Juan Pablo Pernalete, de 20 años, estaba adelantando sus estudios universitarios gracias a una beca que obtuvo por ser un gran deportista. Un proyectil de gas lacrimógeno le destrozó el esternón y rompió su corazón. Murió a manos de la fuerza pública venezolana. Su pecado fue salir a marchar contra el gobierno. En el último mes van 33 personas muertas a manos de la guardia venezolana, más de mil heridos y los detenidos superan los mil también. Las marchas lo único que han querido es llegar a tres instituciones públicas a manifestar su voz de rechazo contra el régimen y Maduro. Querer llegar a la Defensoría del Pueblo, a la Asamblea Nacional y el Consejo Nacional Electoral es hoy un asunto de vida o muerte en Venezuela. En Caracas, por disposición del gobierno, se perdió el derecho a la libre locomoción, pues la ciudad está segmentada y solo unos pocos ‘privilegiados’, los oficialistas, pueden traspasar los límites establecidos a través de la represión y la brutalidad.
Tampoco se puede protestar desde las casas, pues se volvió usual que las fuerzas no de seguridad, sino de represión, disparen sin la menor contemplación a quien desde una ventana esté en el ejercicio del “cacerolazo”. A propósito de este tipo de protesta, el primero de mayo se convocó a un cacerolazo nacional, el cual retumbó en todo el país, especialmente en los sectores populares de Caracas, como los barrios '23 de enero', Petare y Catia, antiguos bastiones del Chavismo. Al mencionar estos barrios populares, hay que decir que hoy son rehenes del régimen, pues ‘los colectivos’, como se llama a los grupos de civiles que ‘defienden’ la revolución, rondan las calles y esquinas en motos sin placas dispuestos a imponer orden, sobra decir que van armados y no vacilan en disparar. No tienen nada que envidiar a las bandas de sicarios que han asolado a ciudades como Medellín. Son simple y llanamente paramilitares.

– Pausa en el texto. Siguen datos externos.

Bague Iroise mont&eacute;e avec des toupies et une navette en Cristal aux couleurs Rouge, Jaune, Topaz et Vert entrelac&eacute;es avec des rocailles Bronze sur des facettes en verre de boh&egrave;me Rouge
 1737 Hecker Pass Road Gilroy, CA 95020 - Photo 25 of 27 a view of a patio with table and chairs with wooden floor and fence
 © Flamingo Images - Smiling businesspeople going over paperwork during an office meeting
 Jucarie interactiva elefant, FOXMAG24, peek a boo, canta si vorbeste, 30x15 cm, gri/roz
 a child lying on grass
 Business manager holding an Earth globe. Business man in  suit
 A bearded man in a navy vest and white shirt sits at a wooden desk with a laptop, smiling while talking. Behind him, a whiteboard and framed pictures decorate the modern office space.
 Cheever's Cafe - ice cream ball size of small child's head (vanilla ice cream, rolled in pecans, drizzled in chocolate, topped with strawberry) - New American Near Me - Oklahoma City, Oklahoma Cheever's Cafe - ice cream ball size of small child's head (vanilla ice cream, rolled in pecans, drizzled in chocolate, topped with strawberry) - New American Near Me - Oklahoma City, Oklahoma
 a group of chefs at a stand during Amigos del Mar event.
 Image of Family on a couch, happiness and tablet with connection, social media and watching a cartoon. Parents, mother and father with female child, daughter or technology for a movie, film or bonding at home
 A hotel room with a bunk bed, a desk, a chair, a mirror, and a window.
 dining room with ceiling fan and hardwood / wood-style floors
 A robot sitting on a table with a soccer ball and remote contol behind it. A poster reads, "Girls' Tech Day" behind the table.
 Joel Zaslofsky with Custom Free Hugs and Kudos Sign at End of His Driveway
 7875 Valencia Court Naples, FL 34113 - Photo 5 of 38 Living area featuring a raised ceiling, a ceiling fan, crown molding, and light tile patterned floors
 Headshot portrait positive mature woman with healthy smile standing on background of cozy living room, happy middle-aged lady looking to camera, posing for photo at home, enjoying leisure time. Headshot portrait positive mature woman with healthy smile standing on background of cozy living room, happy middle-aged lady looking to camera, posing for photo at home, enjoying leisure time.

Pero si antes la gente temía criticar al régimen, hoy nadie se priva de ello, pues la gran mayoría no aguanta más. Cada vez menos venezolanos apoyan a Maduro y su horda. En la convocatoria a marchar hecha por la oposición el primero de mayo, llamada ‘La Toma de Venezuela’, solo en Caracas salió un millón de personas. El gobierno movió toda su maquinaria para hacer una contramarcha; con todos los recursos a su disposición, usados de forma grosera, a duras penas llegaron a los 80.000 manifestantes en apoyo al gobierno en la Avenida Bolívar.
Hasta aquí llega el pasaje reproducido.